Выбрать главу
Он же рек тогда: «Предстанет Ныне в храме пред тобою Величайшая из грешниц С покровенной головою.
Отврати ее от бездны, От пути Иезавели, Коей кровь на стогнах града Псы лизали, мясо ели».
Усумнился я — помыслил: «То не в грех ли новый вводит Бес-прельститель, бес, который Часто ночью в кельях бродит?
Моему ли окаянству Вверит бог свое веленье?..» Но прозрел угодник божий В тот же миг мое сомненье:
«Се ли, — рек, — твоя есть вера?» Я же: «О владыко! труден Этот подвиг! Дьявол силен, А мой разум слаб и скуден».
«Повинуйся, — рек он паки, — Повинуйся, раб ленивый! Се есть знаменье, которым Победиши грех кичливый!»
И развил он длинный свиток: В буквах огненных сияли В нем дела твои и тайны, Прегрешенья и печали...
И читал я перед каждым Суд господень — и скорбела Вся душа моя, и плакал О тебе я, Изабелла!..»
У самой у Изабеллы Сердце в ужасе застыло... «Чудо — гнев небесный — чудо... — Как во сне она твердила. —
Неужель... не ты, о боже! Двигал волею моею! Неужели весь мой разум Не был мыслию твоею!
Лишь о подданных любезных, Лишь о милостях без счета, О смягченьи грубых нравов — Вся была моя забота!..
Я лишь радовалась духом, Лучшим людям в царстве вверясь, —
И ужели в этом — гибель! Неужели в этом — ересь!..»
«О, заблудшееся сердце! — Восклицал монах над нею. —
О, сосуд неоцененный Для даров и для елею!
Влей в него святое миро!.. Гласа свыше удостоен, Я земному неподкупен, Средь житейских волн — спокоен!
Волю божью, яко солнце, Вижу ясно! В чем спасенье — Осязаю!.. Королева! Здесь, в руках моих — прощенье!»
Говорил он, вдохновенный, И в словах его звучали Сила веры, стоны сердца, Миру чуждые печали...
Изабелла, на коленях, За слезой слезу роняла И, закрыв лицо руками, «Что ж мне делать?» — повторяла
«Надо дел во славу божью!

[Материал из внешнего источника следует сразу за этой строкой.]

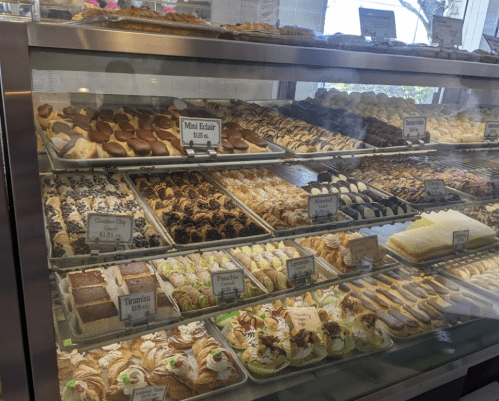 A display case filled with various pastries and desserts, including eclairs, cakes, and cream-filled treats.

Чтоб они, дела благие, На весах предвечной правды Перевешивали злые!
Ополчися на нечестье! В царстве зло вели измерить, Отличить худых от добрых, Совесть каждого проверить...

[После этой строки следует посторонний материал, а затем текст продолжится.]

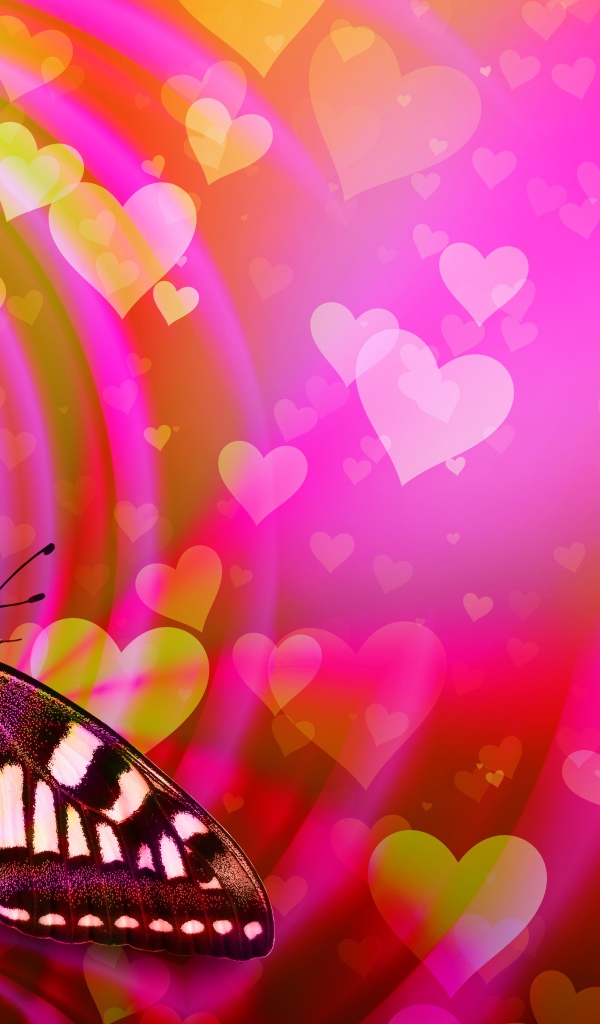 Большая бабочка махаон сидит на розовом фоне с сердечками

Тотчас видно в человеке, Чем он дышит, чем напитан, — Из того уж, как он смотрит, Из того уж, как молчит он!
Эти лица без улыбки, Этот вид худой и бледный — Явно — дьявольские клейма, Дух сомнения зловредный!..»
Говорил он, вдохновенный, Но недвижная, немая Оставалась Изабелла, Глаз к нему не подымая...
«Трибунал устрой духовный, — Говорил он, — чрезвычайный, Чтоб следил он в целом царстве За движеньем мысли тайной;
Чтобы слух его был всюду, Глаз насквозь бы видел души — В городах, в домах и кельях, В поле, на море, на суше;
Чтоб стоял он, невидимый, В школах, в храмах, под землею, И между отцом и сыном, Между мужем и женою...
И тогда в твоих народах Ум и сердце, труд и знанье — Всё сольется в хор согласный Восхвалять отца созданья!
Ни одним нестройным гласом Слух его не оскорбится... И тебе тогда, царица, Всё простится! всё простится!..»
«Всё простится...» — повторила Изабелла... Луч желанный, Как маяк для морехода, Ей блеснул в дали туманной...
Подняла к монаху очи: Слезы всё на них дрожали. Но уже сквозь слез надежда И доверие сияли...
«Возвратись же в дом свой с миром! И зови меня, худого, Коль речей моих смиренных Возжелаешь сердцем снова...
А в дому своем отныне Тщися мудрыми речами, Как Эсфирь, в супруге сердце Преклонить — да будет с нами!
Говори ему в совете, Средь забав, на брачном ложе, За трапезой, с лаской, с гневом, День и ночь одно и то же!
Так, как капля бьет о камень, Говори, моли и требуй — И тогда, о, всё простится! Всем угодна будешь небу!..»
Он умолк. Уж Изабелла, Как дитя, за ним следила, И за ним опять невольно: «Всё простится», — повторила...
По устам у Сан-Мартино Пробежал улыбки трепет... Богомольных дам, быть может, Вспомнил он невинный лепет,
Вспомнил тайну королевы — И, как будто осиянный Новой мыслью, «Всё простится», — Подтвердил с улыбкой странной.
Во дворце и перед храмом Свита — доньи и дуэньи Ожидали королеву В несказанном нетерпеньи.